WRT how many got abscesses later. They were not trying to determine whether abscesses would recur, they were trying to treat the abscesses with antibiotics and get them to resolve without the animals developing internal CL and dying from it. If the animals can survive and they don't develop internal abscesses and die, then the treatment is considered to be a success. I think you are expecting goats, sheep, pronghorn antelope, birds, rats, mice, raccoons, etc to one day ALL be perfectly clean and free of bacteria, but that isn't possible. Without bacteria and viruses to challenge the immune system, the immune system would become inactive and it wouldn't be able to play it's role in selection. Without challenges, it woud become useless and the first little thing that came along would kill the goat. Even the common cold. No animals can or will ever be completely free of any and all bacteria and viruses.

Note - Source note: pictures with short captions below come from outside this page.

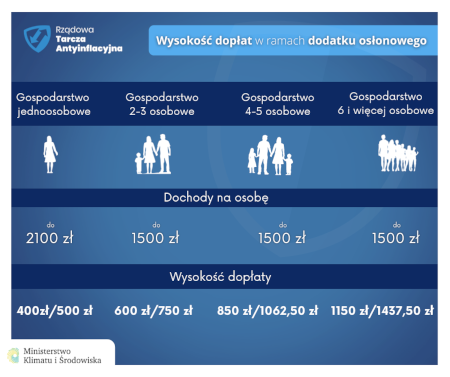 Dodatek osłonowy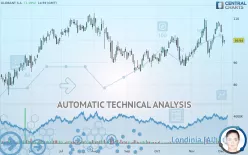 GLOBANT S.A. - Daily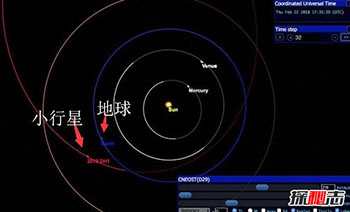 小行星飞掠地球2018,盘点5大威胁过地球的小行星804 / 作者:UFO爱好者 / 帖子ID:66562 小行星飞掠地球2018,盘点5大威胁过地球的小行星804 / 作者:UFO爱好者 / 帖子ID:66562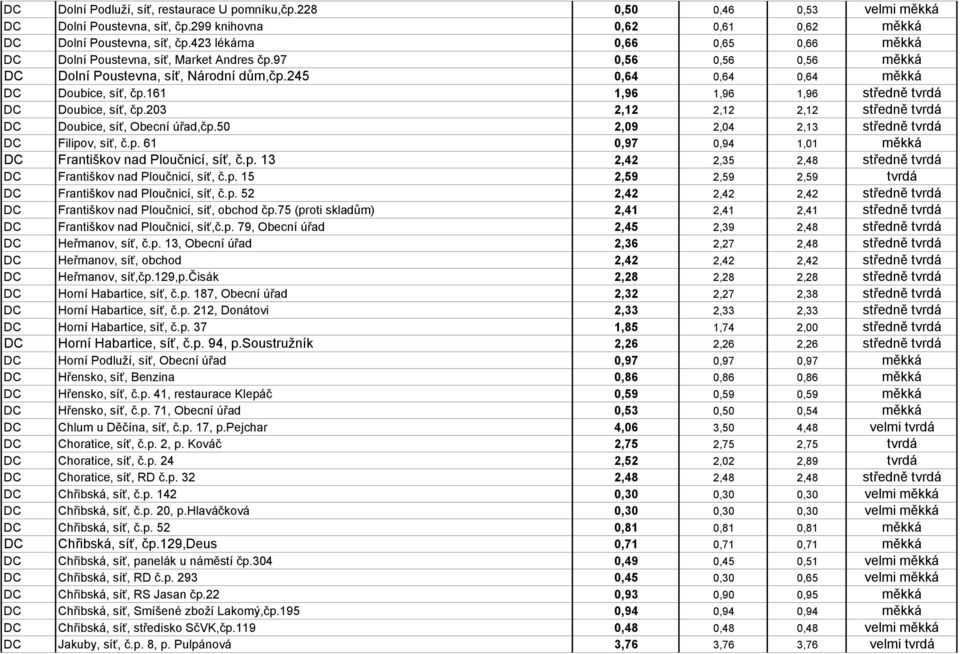 161 1,96 1,96 1,96 středně tvrdá DC Doubice, síť, čp.203 2,12 2,12 2,12 středně tvrdá DC Doubice, síť, Obecní úřad,čp.50 2,09 2,04 2,13 středně tvrdá DC Filipov, síť, č.p. 61 0,97 0,94 1,01 měkká DC Františkov nad Ploučnicí, síť, č.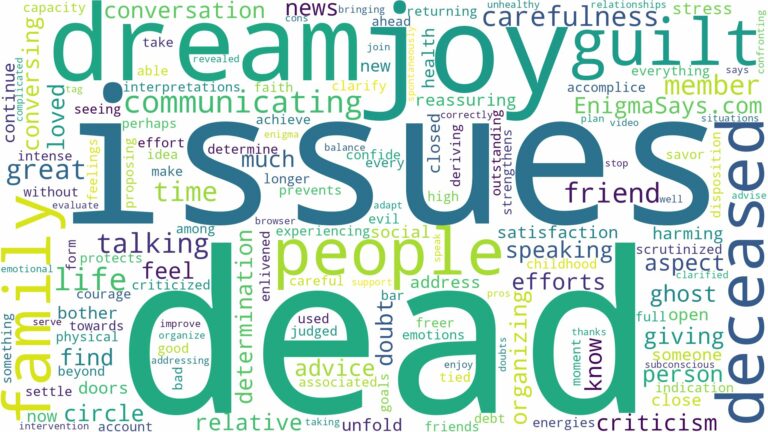 dreaming about dead people talking and related dreams with their meanings in a word cloud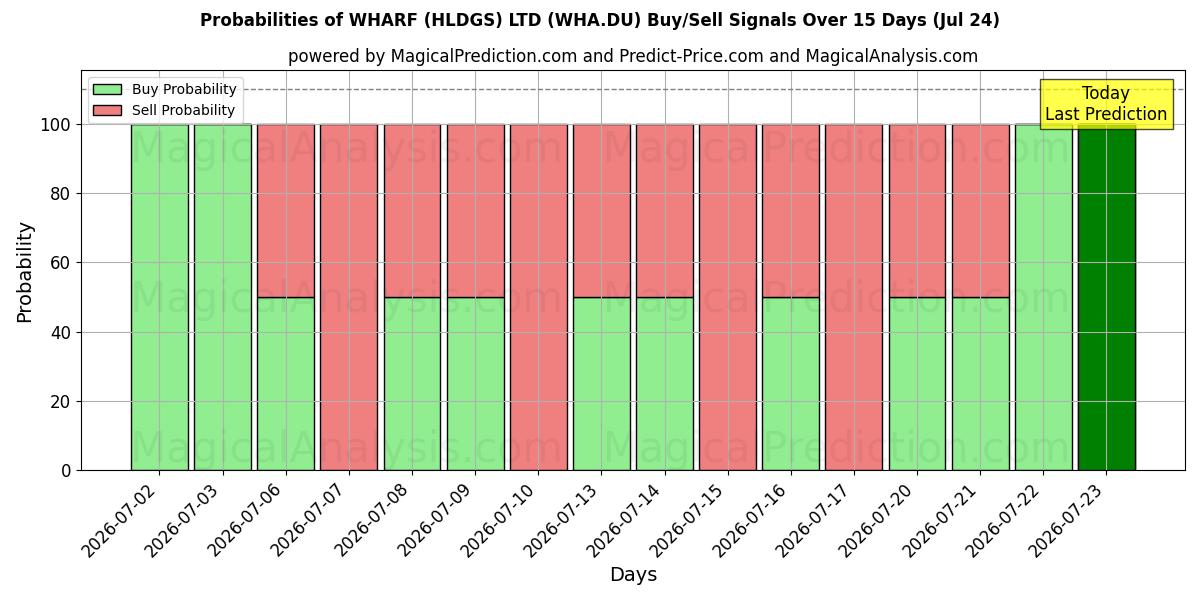 Probabilities of WHARF (HLDGS) LTD (WHA.DU) Buy/Sell Signals Using Several AI Models Over 5 Days (24 Jul) 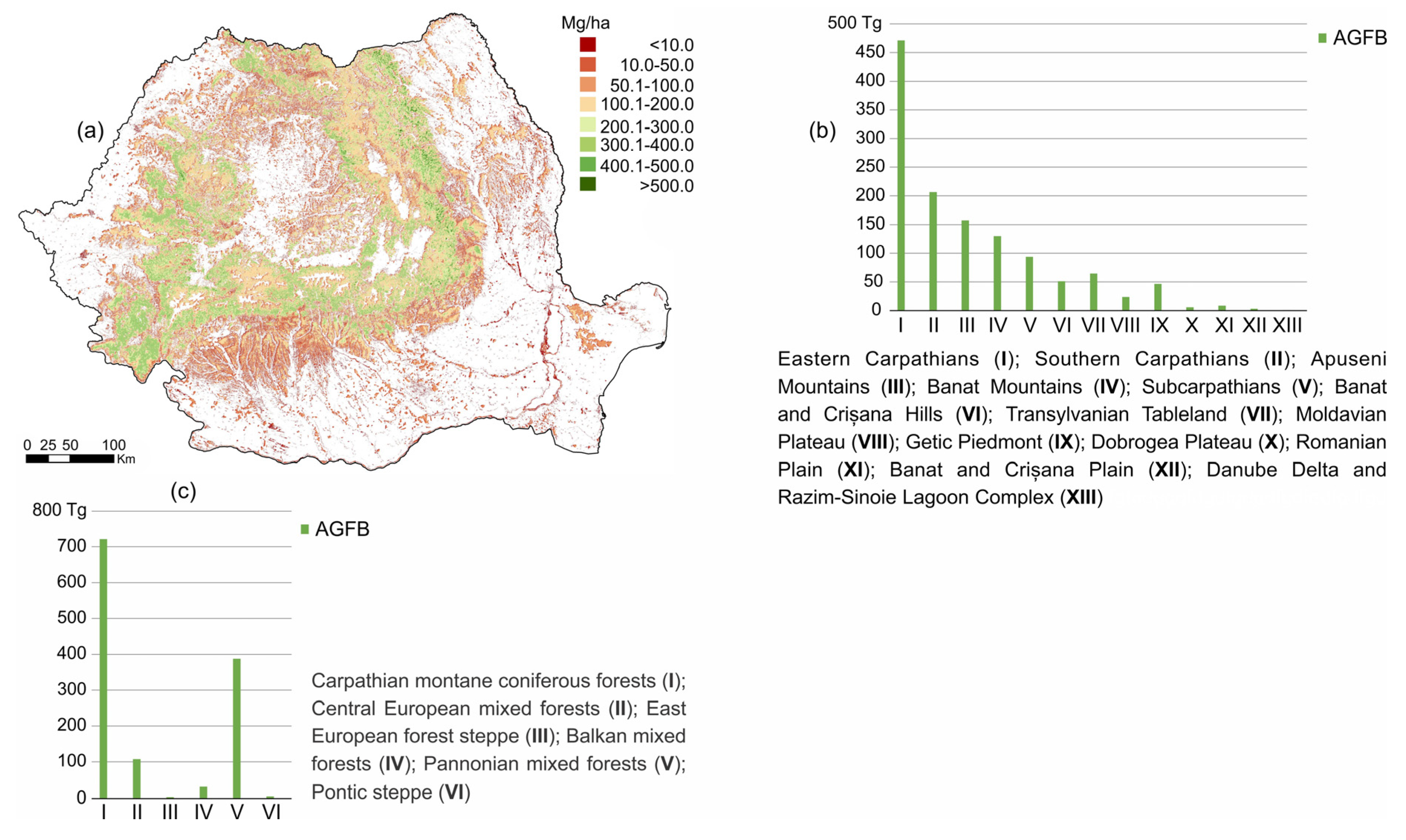 Forests 11 00914 g006 Forests 11 00914 g006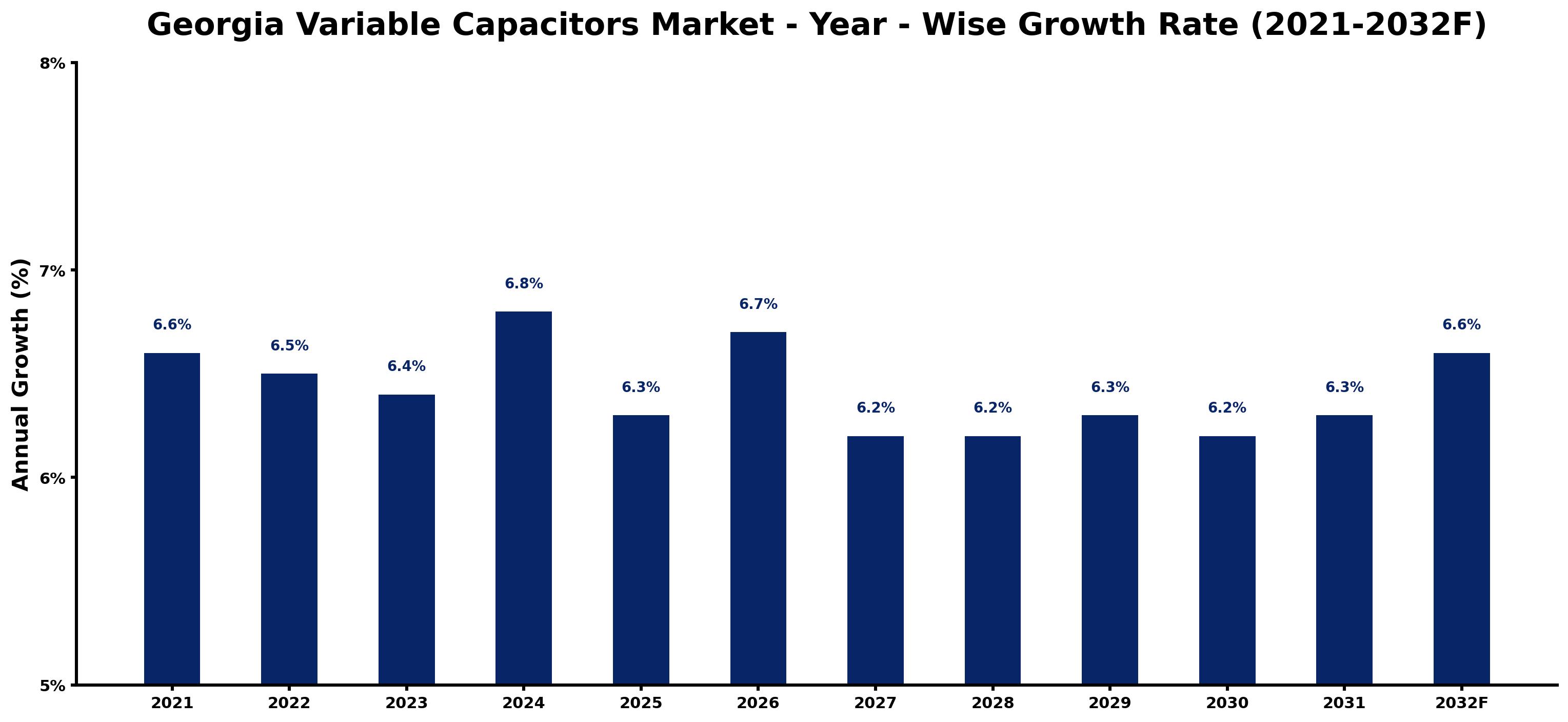 Georgia Variable Capacitors Market Year-wise Growth Rate and Key Drivers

WRT to vaccine. The vaccines they have tried to develop in goats were disappointing mainly because there was too high a reaction rate with too little immunity. Not enough bang for the buck and the risks were too high. There is no CL eradication program. A disease can only be eradicated if it has no natural hosts other than the one in which it is trying to be eradicated. Like Smallpox. Smallpox has only one natural host, man. By vaccinating every human on the planet (and not all of them were cooperative either) they were able to eradicate the disease. Polio has few natural hosts other than man but it has NOT been eradicated. It still exists in the Southern Hemisphere, but polio as an epidemic disease was a man made phenomenon anyway. I doubt they will ever be able to eradicate it in the third world, but it does not usually take the form of epidemics there. CL has numerous natural resiviors and it can't be eradicated. Even if you killed all the goats that you could determine had ever been exposed to CL, it can exist for some length of time (undetermined) in soils. A deer, a rat, a bird, a housefly, comes into contact with the hay your goat eats and you just can't figure out how it got that disease.
And trust me, culling by USDA or CDC or USAMRIID is not something you want to see. Be careful what you wish for. hey don't come in and kill a goat. They come in and kill all the goats, then they trace the herds those goats came out of and kill those herds, and then they restrict premisis or call them "permanently infected".
I can only assume that you have been on the "goat owner" end of CL before and that's why you are so unwilling to see any new information on the disease published. It's because you fear the disease. I understand that, but I have only been on the "consulted by owner" end of CL, so I have nevery had to decide whether I would keep or cull a CL goat in my herd. I have always advised against culling, since CL is just another bacterial infection. It's not Anthrax. It's not rabies. It's not Brucellosis. I think goat owners should be far more concerned about those diseases, especially dairy goat owners who are selling raw milk. If I were putting my money into testing, I would be testing for diseases that are difficult if not impossible to treat in humans that can and do kill humans. CL is treatable in EVERY species that acquires it and now, it appears, the success rates in sheep are up too. So, it's all good.

And there is something else. I would fight for your right to dispose of any CL positive animals just like I fight for the rights of owners to prevent others from causing them unecessary economic losses. Your goats are your goats and you have the freedom under the Constitution of the United States to manage your herd as you see fit. If you give that power to government, you have to know, the government doesn't care about you, your finances, your goats, or anything else except showing that they "meet or exceed expectations" in their G- position. You and other goat owners are far more competent to make decisions for your own goats than any USDA agent, I promise. And most USDA agents would tell you that too.

Last edited by angelsprite; 10/21/09 at 09:16 PM.